Lindley explained that white supremacy groups use bands like End Apathy as a way to recruit impressionable youths.

"That's the main reason behind the skinhead music scene. You give a kid something to read, he might read it once. But if you give him a CD, he might listen to it a thousand times," Lindley told The Huffington Post. "If that song's about white supremacy, hating Jews, blacks, Sikhs, anybody ... that song gets stuck in his head. It resonates. It stays there. So that's a very powerful tool."

End Apathy wasn't a particularly successful band, so it's unlikely that Page's voice got stuck in many heads or recruited many followers. And none of the five songs posted on the band's MySpace page have lyrics that are explicitly (or at least audibly) racist or xenophobic. Instead, they discuss what the band sees as general failings in American society -- greed, corruption, the powerlessness of the individual.
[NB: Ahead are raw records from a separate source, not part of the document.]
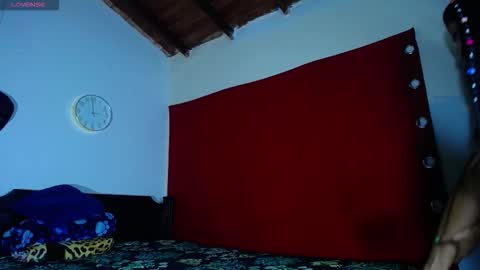 Oliver and MeganIndependent online show from November 9, 8:01 am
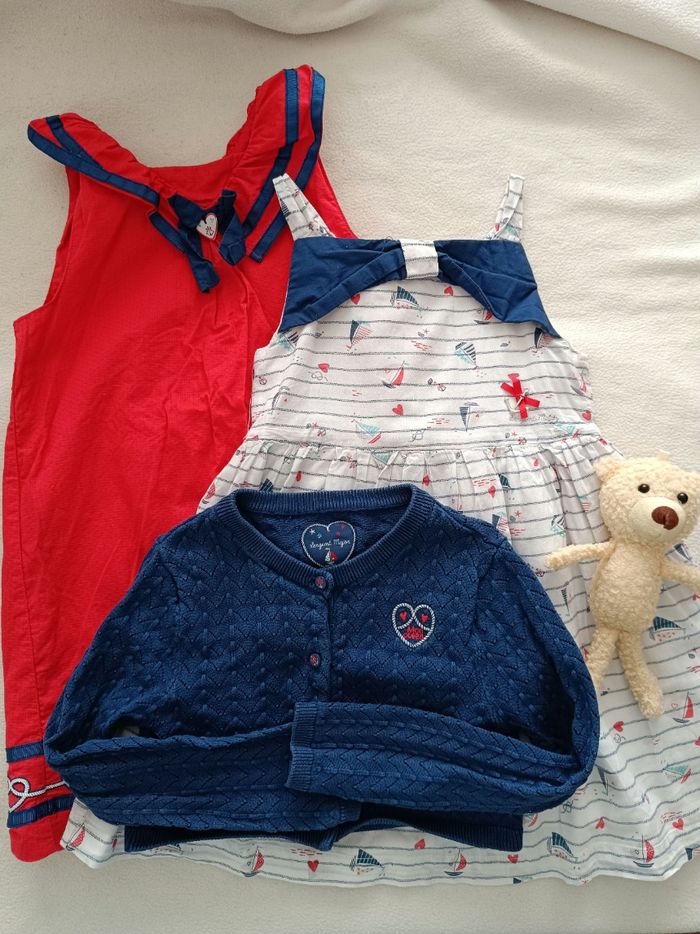 🌸 Deux robes et gilet - Taille 6 ans 🌸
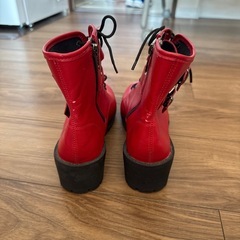 赤いブーツ、サイズ24の画像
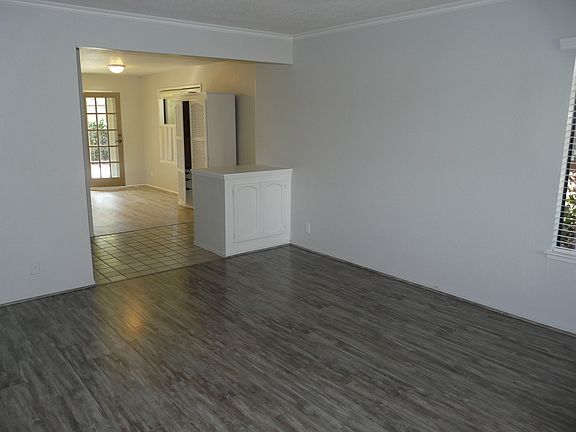 5th image of 1489 Triborough Ln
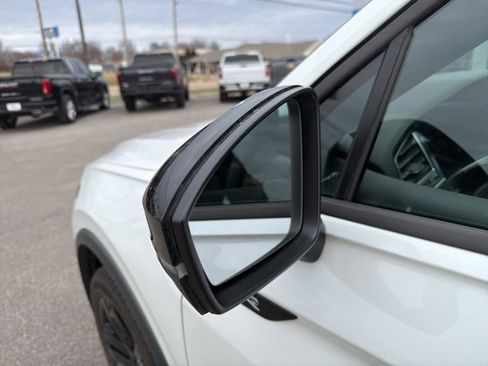 Used 2023 Volkswagen Tiguan SE R-Line image 39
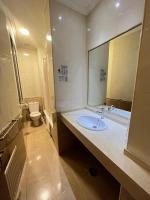 A bathroom at Hostal Edreira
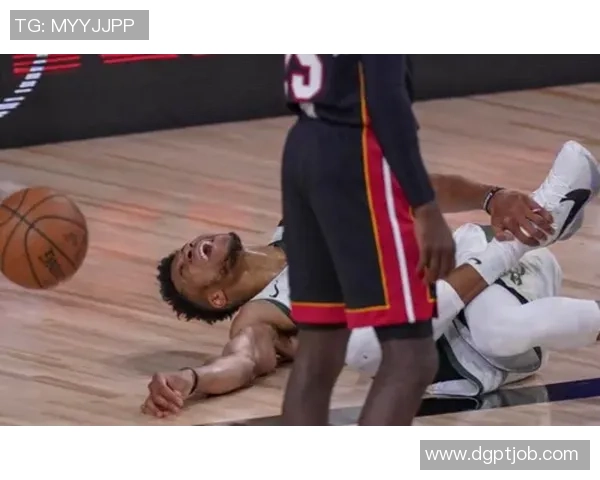 米德尔顿半场表现稳健拿10分 造字母哥进攻犯规重回熟悉战场 米德尔顿半场表现稳健拿10分 造字母哥进攻犯规重回熟悉战场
Steven Blush, writer of "American Hardcore: A Tribal History," explained that the hardcore skinhead genre grew out of the hardcore rock movement, itself a product of punk rock. Blush explained that hardcore grew popular in the '80s, mostly in New York, among people who were turned off by the commercialization of mainstream music.

"Anyone who had hatred for that blow-dried '70s, '80s thing was part of this umbrella that was hardcore," Blush told The Huffington Post.

Blush said that, though most hardcore groups avoided politics, a small minority always harbored white supremacist leanings. That segment was given a voice in the mid-'90s, when Canadian hardcore skinhead group RaHoWa -- short for Racial Holy War -- released three records. The band's racist vitriol inspired budding white supremacists around the world to start hardcore skinhead bands. RaHoWa's frontman George Burdi founded a magazine and a record label, both called "Resistance," to spread the movement.

Burdi went to jail for assault in 1997 and was forced to sell Resistance. He renounced racism after his release from jail -- but by then, Resistance Records and Resistance Magazine had been acquired by Neo-Nazi Erich Gliebe, who runs them to this day.

That said, Blush emphasized that skinhead hardcore music has relatively few dedicated followers. "This is not a rock star movement. This is a very small thing," Blush said.

Lindley said southeast Wisconsin -- the site of the shooting -- has long been home to an active white supremacist movement.

"In the Milwaukee area, that stuff's been going on for years," Lindley said. "Wisconsin used to be a giant hotbed of that stuff. So it doesn't surprise me, sadly."